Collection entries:
[Start of section]
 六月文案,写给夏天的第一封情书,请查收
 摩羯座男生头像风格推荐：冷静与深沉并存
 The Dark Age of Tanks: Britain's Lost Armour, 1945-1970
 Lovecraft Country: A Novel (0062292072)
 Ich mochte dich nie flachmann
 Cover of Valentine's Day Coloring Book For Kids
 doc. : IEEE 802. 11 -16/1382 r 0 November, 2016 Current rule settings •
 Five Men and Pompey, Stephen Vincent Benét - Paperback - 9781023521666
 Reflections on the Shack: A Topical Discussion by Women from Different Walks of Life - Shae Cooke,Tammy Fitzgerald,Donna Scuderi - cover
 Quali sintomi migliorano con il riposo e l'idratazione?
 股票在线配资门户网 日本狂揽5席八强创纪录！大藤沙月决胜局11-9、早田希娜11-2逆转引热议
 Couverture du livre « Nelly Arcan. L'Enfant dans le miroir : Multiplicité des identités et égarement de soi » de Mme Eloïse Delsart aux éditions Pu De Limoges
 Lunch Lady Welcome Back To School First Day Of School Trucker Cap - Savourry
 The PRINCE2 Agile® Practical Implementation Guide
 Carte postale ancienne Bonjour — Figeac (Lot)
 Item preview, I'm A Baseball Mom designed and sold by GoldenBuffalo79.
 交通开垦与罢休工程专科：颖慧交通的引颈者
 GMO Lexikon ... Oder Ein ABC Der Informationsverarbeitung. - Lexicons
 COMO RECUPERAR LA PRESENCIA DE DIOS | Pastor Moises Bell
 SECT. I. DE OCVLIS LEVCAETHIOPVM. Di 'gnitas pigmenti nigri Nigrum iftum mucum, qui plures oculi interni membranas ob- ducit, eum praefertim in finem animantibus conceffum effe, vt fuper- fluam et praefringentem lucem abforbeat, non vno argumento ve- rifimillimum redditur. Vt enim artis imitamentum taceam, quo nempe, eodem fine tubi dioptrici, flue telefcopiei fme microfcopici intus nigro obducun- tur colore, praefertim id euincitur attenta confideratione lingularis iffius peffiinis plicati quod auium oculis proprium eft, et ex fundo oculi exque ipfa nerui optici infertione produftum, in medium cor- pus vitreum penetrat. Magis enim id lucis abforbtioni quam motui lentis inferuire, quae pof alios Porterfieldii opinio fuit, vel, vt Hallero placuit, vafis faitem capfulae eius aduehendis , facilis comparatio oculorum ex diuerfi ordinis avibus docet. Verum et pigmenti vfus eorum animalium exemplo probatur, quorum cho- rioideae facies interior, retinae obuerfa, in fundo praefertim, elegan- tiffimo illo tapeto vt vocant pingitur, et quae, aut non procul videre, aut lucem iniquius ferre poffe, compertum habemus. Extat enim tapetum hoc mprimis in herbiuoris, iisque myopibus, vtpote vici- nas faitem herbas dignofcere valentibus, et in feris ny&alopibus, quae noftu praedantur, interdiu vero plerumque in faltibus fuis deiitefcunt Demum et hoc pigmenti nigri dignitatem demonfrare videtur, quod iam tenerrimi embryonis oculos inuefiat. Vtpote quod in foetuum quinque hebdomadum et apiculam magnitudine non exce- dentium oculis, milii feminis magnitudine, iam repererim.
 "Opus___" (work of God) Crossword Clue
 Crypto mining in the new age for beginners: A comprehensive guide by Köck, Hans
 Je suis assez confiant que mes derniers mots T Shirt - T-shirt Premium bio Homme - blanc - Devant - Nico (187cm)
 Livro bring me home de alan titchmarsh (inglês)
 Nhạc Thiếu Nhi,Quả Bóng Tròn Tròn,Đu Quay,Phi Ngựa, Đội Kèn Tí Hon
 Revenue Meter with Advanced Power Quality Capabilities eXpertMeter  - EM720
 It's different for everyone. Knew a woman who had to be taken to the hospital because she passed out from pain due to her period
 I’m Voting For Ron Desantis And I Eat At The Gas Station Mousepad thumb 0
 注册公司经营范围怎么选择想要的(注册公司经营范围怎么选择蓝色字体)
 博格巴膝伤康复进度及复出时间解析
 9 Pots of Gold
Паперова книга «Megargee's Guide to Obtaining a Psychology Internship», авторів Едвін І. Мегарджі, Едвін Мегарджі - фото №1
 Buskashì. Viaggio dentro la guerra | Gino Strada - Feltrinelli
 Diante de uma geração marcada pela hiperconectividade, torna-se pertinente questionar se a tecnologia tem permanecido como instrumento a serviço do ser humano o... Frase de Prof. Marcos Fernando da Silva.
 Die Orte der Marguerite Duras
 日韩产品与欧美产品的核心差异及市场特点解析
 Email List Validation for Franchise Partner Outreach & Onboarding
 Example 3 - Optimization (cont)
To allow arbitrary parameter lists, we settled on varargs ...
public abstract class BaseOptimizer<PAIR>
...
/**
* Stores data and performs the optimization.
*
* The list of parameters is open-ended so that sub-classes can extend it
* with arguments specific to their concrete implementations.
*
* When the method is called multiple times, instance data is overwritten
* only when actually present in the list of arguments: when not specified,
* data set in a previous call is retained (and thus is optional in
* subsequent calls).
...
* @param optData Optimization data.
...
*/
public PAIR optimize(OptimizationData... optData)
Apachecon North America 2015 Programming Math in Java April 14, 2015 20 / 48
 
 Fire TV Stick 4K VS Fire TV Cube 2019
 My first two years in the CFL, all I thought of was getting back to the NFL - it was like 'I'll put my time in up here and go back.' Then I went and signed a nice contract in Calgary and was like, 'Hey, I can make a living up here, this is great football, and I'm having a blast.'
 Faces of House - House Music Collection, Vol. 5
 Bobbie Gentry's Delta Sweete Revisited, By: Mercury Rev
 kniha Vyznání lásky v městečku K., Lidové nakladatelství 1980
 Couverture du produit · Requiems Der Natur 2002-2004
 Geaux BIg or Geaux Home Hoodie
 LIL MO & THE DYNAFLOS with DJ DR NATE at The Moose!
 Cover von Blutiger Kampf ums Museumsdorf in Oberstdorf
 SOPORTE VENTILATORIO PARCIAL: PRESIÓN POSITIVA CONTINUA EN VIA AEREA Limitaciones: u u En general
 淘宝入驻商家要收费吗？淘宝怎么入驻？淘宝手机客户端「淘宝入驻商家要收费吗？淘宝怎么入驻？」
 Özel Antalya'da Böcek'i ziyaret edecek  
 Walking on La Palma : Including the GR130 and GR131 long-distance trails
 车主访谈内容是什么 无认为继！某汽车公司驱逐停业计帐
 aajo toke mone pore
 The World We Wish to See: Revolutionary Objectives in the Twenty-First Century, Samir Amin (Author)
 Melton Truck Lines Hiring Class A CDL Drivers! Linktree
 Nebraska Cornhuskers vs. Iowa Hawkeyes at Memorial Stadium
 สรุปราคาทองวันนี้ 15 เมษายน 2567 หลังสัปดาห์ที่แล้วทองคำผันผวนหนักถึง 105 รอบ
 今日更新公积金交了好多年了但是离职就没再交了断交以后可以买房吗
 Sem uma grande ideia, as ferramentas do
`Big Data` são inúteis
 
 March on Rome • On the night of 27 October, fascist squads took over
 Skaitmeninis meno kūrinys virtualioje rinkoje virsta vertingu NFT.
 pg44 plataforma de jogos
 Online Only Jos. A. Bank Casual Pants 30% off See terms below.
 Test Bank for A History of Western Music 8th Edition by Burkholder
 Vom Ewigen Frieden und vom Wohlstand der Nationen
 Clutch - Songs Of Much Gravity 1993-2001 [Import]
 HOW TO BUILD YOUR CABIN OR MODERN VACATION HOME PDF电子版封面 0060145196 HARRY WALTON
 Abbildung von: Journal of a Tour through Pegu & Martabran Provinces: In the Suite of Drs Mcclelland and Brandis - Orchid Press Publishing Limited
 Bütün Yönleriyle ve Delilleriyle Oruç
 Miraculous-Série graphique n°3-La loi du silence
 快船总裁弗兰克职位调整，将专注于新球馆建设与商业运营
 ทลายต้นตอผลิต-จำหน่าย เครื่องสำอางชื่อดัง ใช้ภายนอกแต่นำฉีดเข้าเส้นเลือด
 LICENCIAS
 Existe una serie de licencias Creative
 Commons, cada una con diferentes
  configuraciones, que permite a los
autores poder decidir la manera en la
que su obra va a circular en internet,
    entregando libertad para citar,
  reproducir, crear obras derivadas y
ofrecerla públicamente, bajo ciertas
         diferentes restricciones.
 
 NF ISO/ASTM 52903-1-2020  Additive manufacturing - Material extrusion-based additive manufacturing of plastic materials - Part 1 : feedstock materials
[End of section]
Restate word for word the lines of the data above, starting at the line containing "their concrete implementations." and ending at the line containing "Fire TV Stick 4K VS Fire TV Cube 2019", both included, and nothing more.

SOLUTION FOR THIS EXERCISE ::
* with arguments specific to their concrete implementations.
*
* When the method is called multiple times, instance data is overwritten
* only when actually present in the list of arguments: when not specified,
* data set in a previous call is retained (and thus is optional in
* subsequent calls).
...
* @param optData Optimization data.
...
*/
public PAIR optimize(OptimizationData... optData)
Apachecon North America 2015 Programming Math in Java April 14, 2015 20 / 48
 
 Fire TV Stick 4K VS Fire TV Cube 2019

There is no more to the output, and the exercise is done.